> What needs to be done: Restate every line of the data word for word, except for the images.

START Provided data

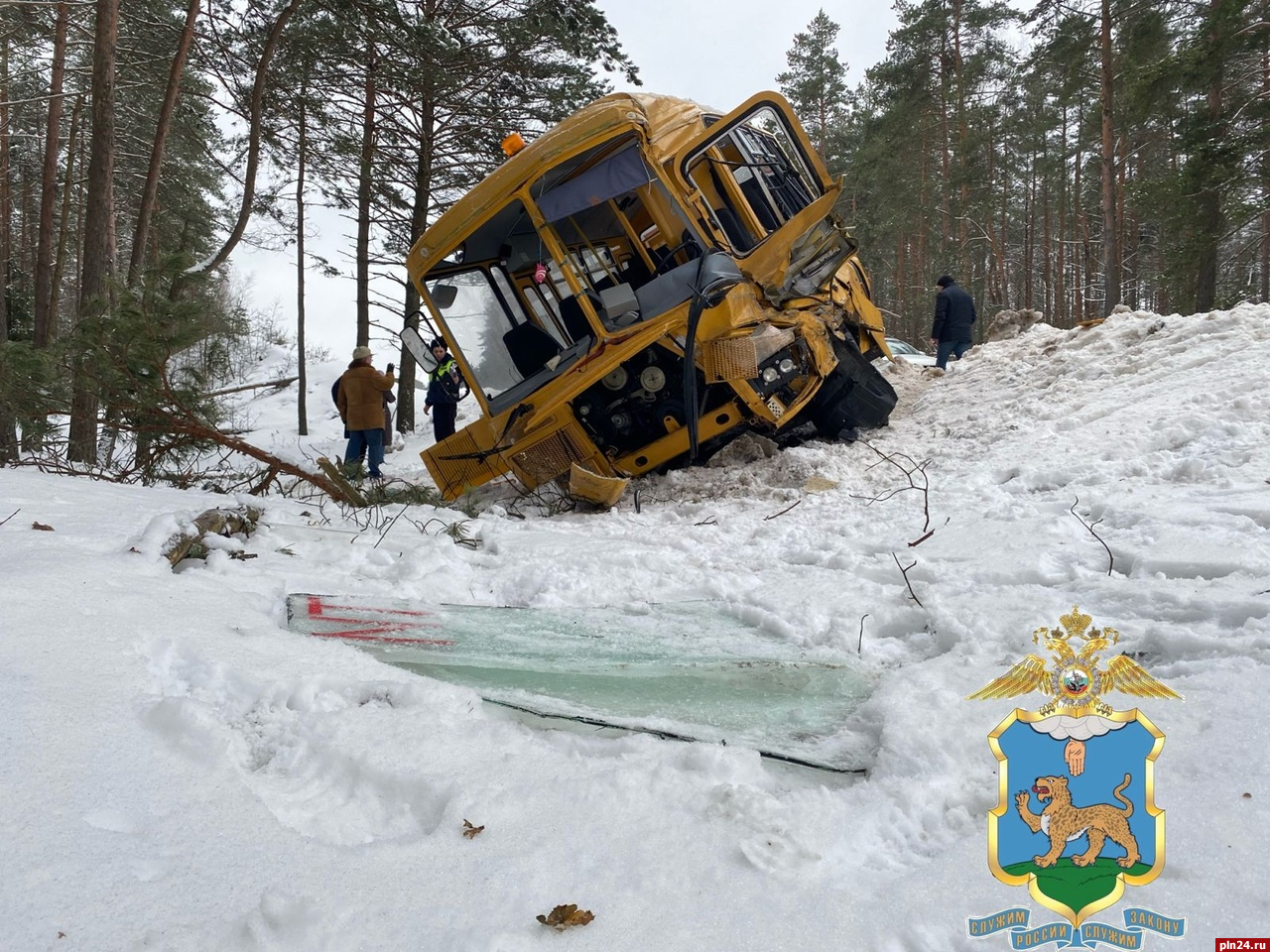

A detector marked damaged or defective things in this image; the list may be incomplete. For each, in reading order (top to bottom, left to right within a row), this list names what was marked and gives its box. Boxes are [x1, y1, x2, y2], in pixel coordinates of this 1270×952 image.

crashed bus [401, 93, 899, 502]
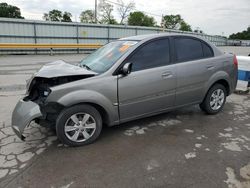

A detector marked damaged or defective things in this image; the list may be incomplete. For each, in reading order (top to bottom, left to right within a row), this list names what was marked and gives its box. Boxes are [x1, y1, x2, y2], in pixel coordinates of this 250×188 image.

damaged car [11, 33, 238, 145]
crumpled front bumper [11, 99, 42, 140]
damaged front fender [11, 99, 42, 140]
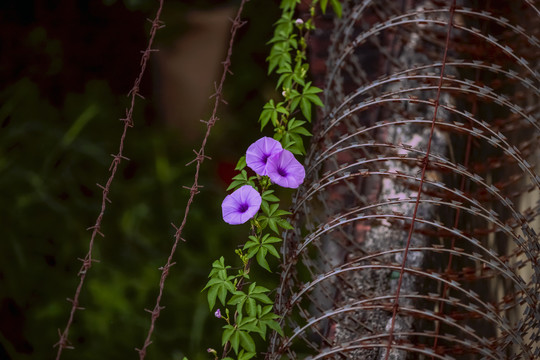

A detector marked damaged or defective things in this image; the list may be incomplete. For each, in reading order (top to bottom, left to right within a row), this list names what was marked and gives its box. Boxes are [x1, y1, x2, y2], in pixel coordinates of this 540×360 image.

rusty metal wire [266, 0, 540, 358]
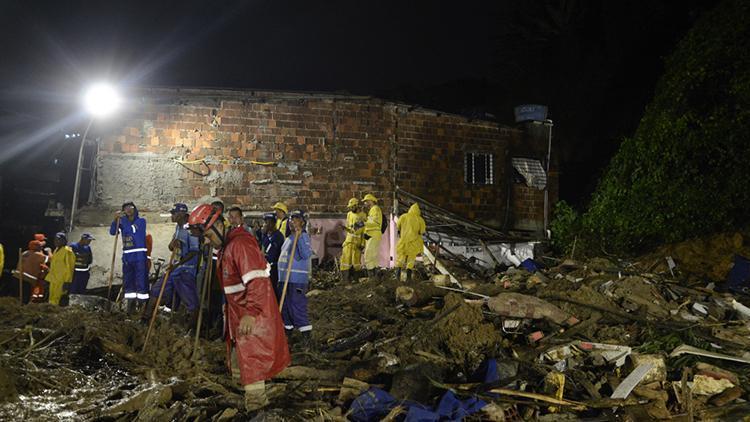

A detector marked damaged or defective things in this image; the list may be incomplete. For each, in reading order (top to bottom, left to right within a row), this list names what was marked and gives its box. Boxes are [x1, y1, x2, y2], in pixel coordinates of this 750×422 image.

damaged house [72, 87, 560, 280]
damaged wall [94, 86, 548, 231]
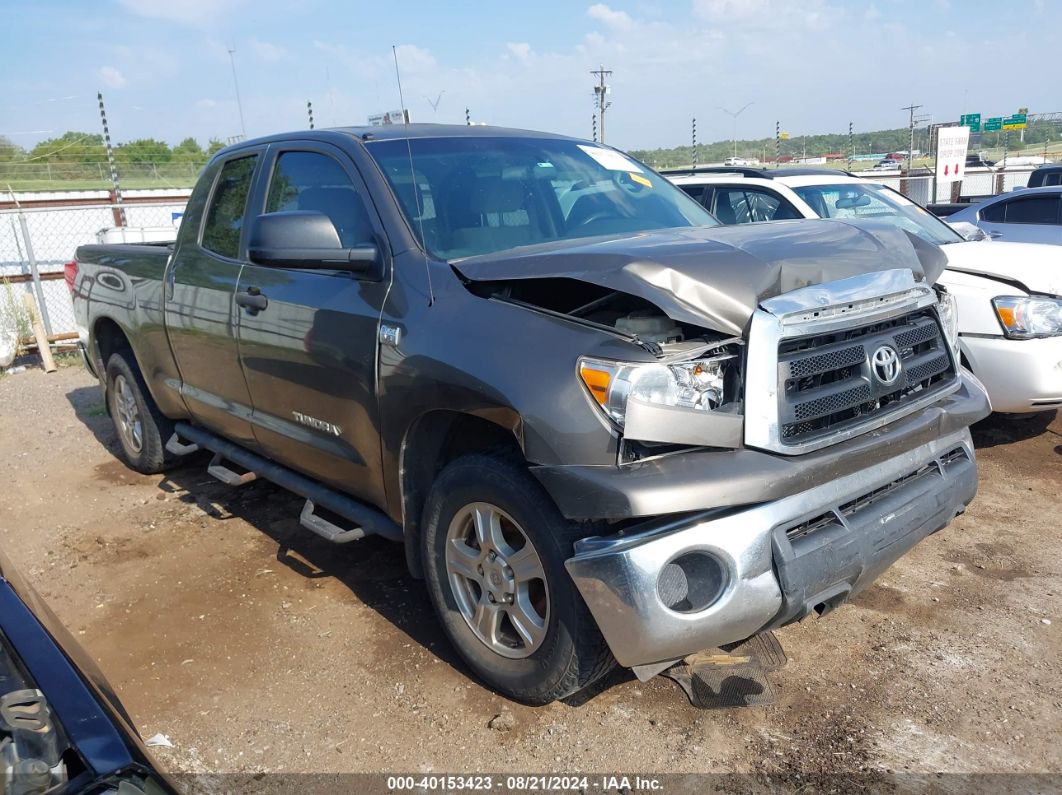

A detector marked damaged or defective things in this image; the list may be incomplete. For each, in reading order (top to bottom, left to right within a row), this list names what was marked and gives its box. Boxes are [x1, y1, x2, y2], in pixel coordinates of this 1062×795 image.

crumpled hood [452, 217, 943, 335]
crumpled hood [943, 239, 1057, 297]
damaged gray pickup truck [70, 124, 989, 700]
broken headlight [581, 354, 739, 428]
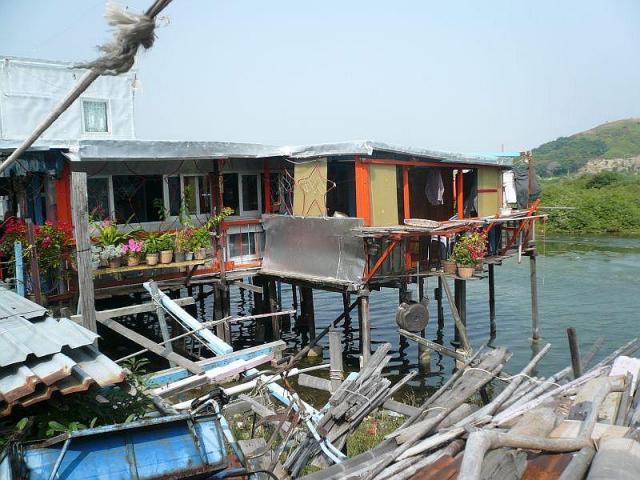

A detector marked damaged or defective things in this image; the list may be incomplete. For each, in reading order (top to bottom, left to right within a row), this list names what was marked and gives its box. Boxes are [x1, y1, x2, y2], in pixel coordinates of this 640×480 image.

rusty metal sheet [260, 215, 364, 288]
rusty corrugated sheet [0, 284, 124, 416]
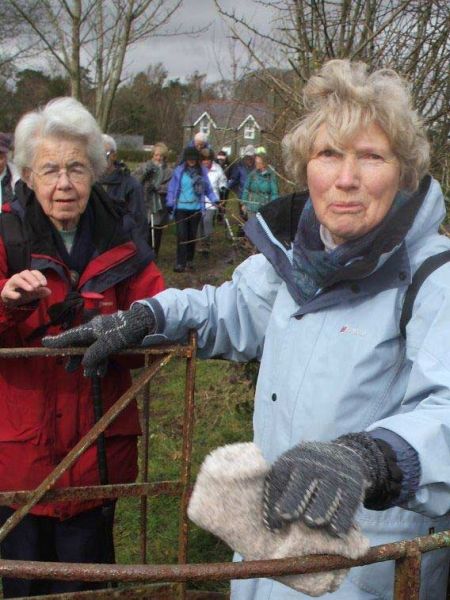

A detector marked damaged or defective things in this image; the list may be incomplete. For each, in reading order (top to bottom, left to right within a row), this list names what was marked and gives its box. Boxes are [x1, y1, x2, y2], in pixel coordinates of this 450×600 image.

rusted gate bar [0, 352, 174, 544]
rusted gate bar [0, 532, 446, 584]
rusty metal gate [0, 336, 448, 596]
rusted gate bar [394, 548, 422, 600]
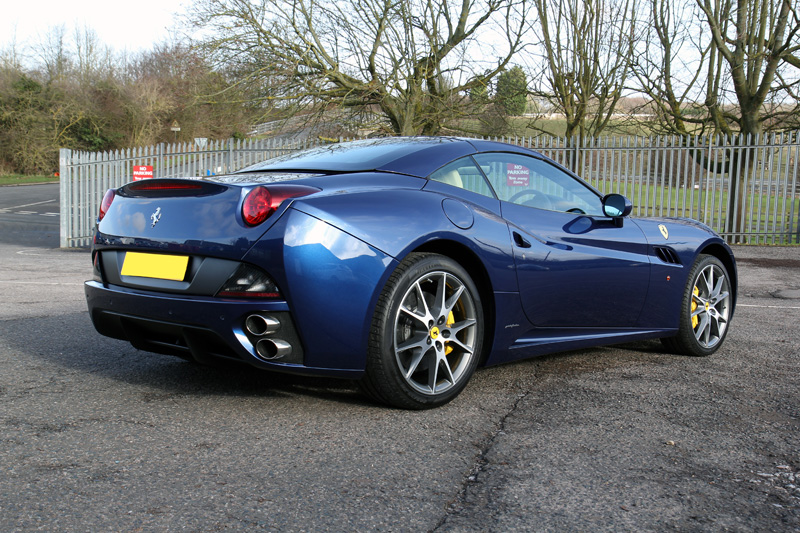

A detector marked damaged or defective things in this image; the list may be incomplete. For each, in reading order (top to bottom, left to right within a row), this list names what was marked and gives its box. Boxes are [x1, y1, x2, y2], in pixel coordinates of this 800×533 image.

cracked asphalt [0, 243, 796, 528]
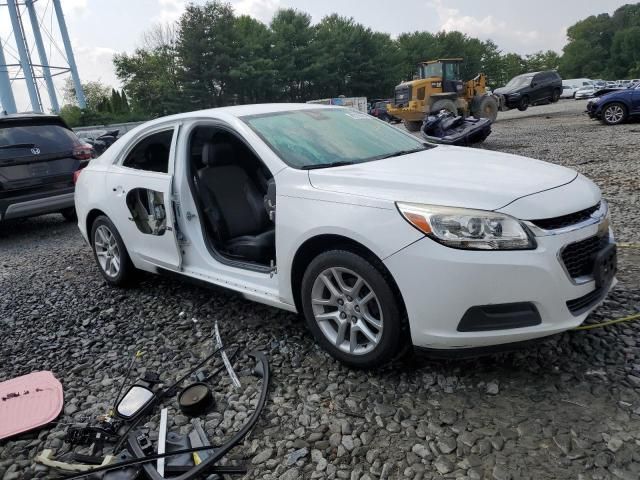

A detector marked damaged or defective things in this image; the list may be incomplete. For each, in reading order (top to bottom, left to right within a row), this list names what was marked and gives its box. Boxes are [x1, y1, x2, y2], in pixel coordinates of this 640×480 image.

damaged white car [72, 104, 616, 368]
detached side mirror [116, 384, 155, 418]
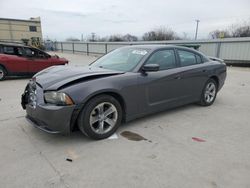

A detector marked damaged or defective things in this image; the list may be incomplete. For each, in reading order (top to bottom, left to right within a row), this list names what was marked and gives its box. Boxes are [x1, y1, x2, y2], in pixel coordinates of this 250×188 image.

crumpled hood [34, 65, 124, 90]
damaged front bumper [21, 81, 75, 134]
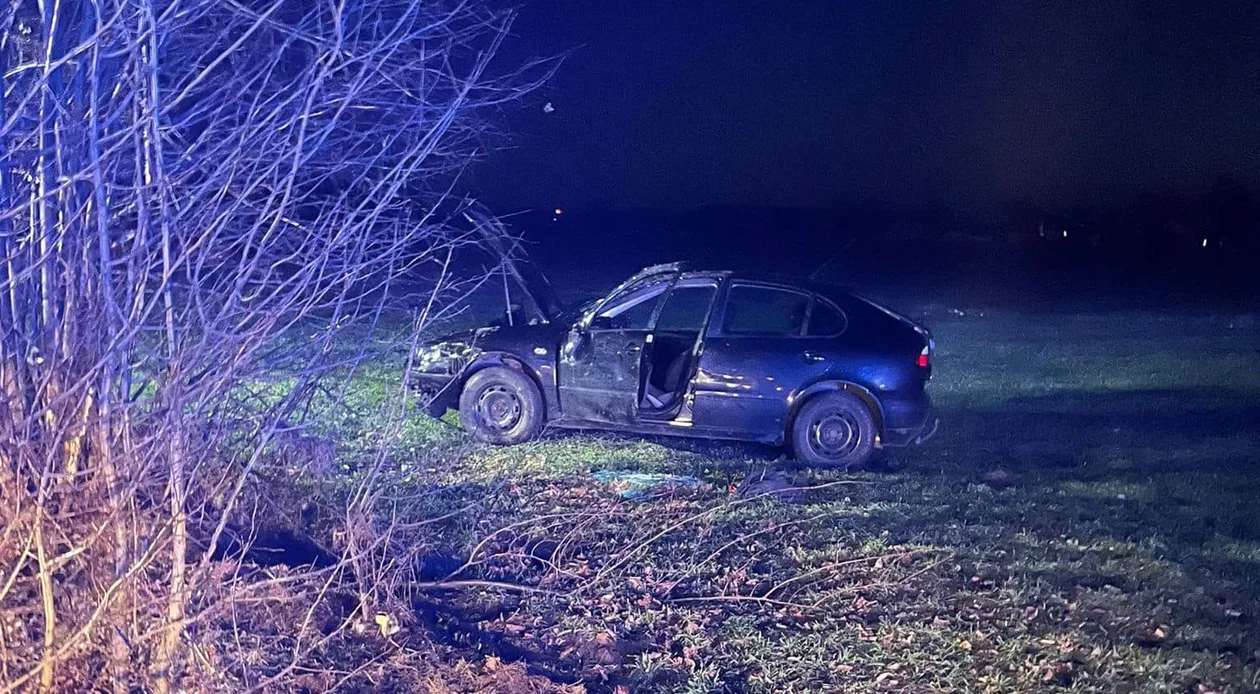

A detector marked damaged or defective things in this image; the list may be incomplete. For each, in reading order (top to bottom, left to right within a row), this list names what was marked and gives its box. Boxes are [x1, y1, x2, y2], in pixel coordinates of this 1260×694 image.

damaged car [418, 263, 942, 471]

END Provided data

> The completed task:
A detector marked damaged or defective things in this image; the list may be incomplete. For each, in reading order (top to bottom, left to right within a row), this list names what was marked and gives its box. Boxes are [x1, y1, x2, y2], in pixel coordinates of this 1270×952 image.

crashed bus [401, 93, 899, 502]

A detector marked damaged or defective things in this image; the list may be incomplete. For each, in reading order (top to bottom, left to right within a row), this list names what was marked and gives its box. Boxes are [x1, y1, x2, y2], in pixel coordinates of this 250×188 image.

damaged car [11, 33, 238, 145]
crumpled front bumper [11, 99, 42, 140]
damaged front fender [11, 99, 42, 140]

A detector marked damaged or defective things in this image; the list may be incomplete. For each, in reading order (top to bottom, left to right within a row), this list names what was marked and gives its box. Boxes are [x1, y1, x2, y2], in pixel coordinates of this 540×360 image.

rusty metal wire [266, 0, 540, 358]

A detector marked damaged or defective things in this image; the list may be incomplete. For each, in reading order (top to bottom, left to right within a row), this list names what was marked and gives its box. Boxes are [x1, y1, x2, y2], in pixel coordinates of this 750×422 image.

damaged house [72, 87, 560, 280]
damaged wall [94, 86, 548, 231]

A detector marked damaged or defective things in this image; the list may be incomplete. For each, in reading order (top to bottom, left to right within a row), this list names what was marked and gives its box. Boxes are [x1, y1, x2, y2], in pixel coordinates of this 1062×795 image.

crumpled hood [452, 217, 943, 335]
crumpled hood [943, 239, 1057, 297]
damaged gray pickup truck [70, 124, 989, 700]
broken headlight [581, 354, 739, 428]

A detector marked damaged or defective things in this image; the list may be incomplete. For each, in reading order (top to bottom, left to right within a row), this list names what was marked and gives its box. Boxes are [x1, y1, x2, y2], in pixel coordinates of this 640×480 image.

rusty metal sheet [260, 215, 364, 288]
rusty corrugated sheet [0, 284, 124, 416]

A detector marked damaged or defective things in this image; the list may be incomplete. For each, in reading order (top to bottom, left to right within a row), this list names what was marked and gives its box. Boxes are [x1, y1, x2, y2], in pixel coordinates of this 450×600 image.

rusted gate bar [0, 352, 174, 544]
rusted gate bar [0, 532, 446, 584]
rusty metal gate [0, 336, 448, 596]
rusted gate bar [394, 548, 422, 600]

A detector marked damaged or defective things in this image; the list may be incomplete. For each, in reading order (top to bottom, left to right within a row), this list names what was marked and gives its box. Boxes are [x1, y1, x2, y2], in pixel coordinates of this 800×533 image.

cracked asphalt [0, 243, 796, 528]

A detector marked damaged or defective things in this image; the list may be incomplete. For each, in reading order (top to bottom, left to right within a row), this list names what was marked and gives its box. Boxes are [x1, y1, x2, y2], in pixel coordinates of this 640×480 image.

damaged white car [72, 104, 616, 368]
detached side mirror [116, 384, 155, 418]

A detector marked damaged or defective things in this image; the list may be incomplete. For each, in reading order (top to bottom, left to right within a row), this list names what was marked and gives its box. Boxes are [x1, y1, x2, y2], in pixel coordinates of this 250×188 image.

crumpled hood [34, 65, 124, 90]
damaged front bumper [21, 81, 75, 134]

A detector marked damaged or defective things in this image; the list may be incomplete. For each, in reading order (top to bottom, left to right within a row), this list names what was marked and gives its box. Boxes are [x1, y1, x2, y2], in pixel coordinates of this 1260×694 image.

damaged car [418, 263, 942, 471]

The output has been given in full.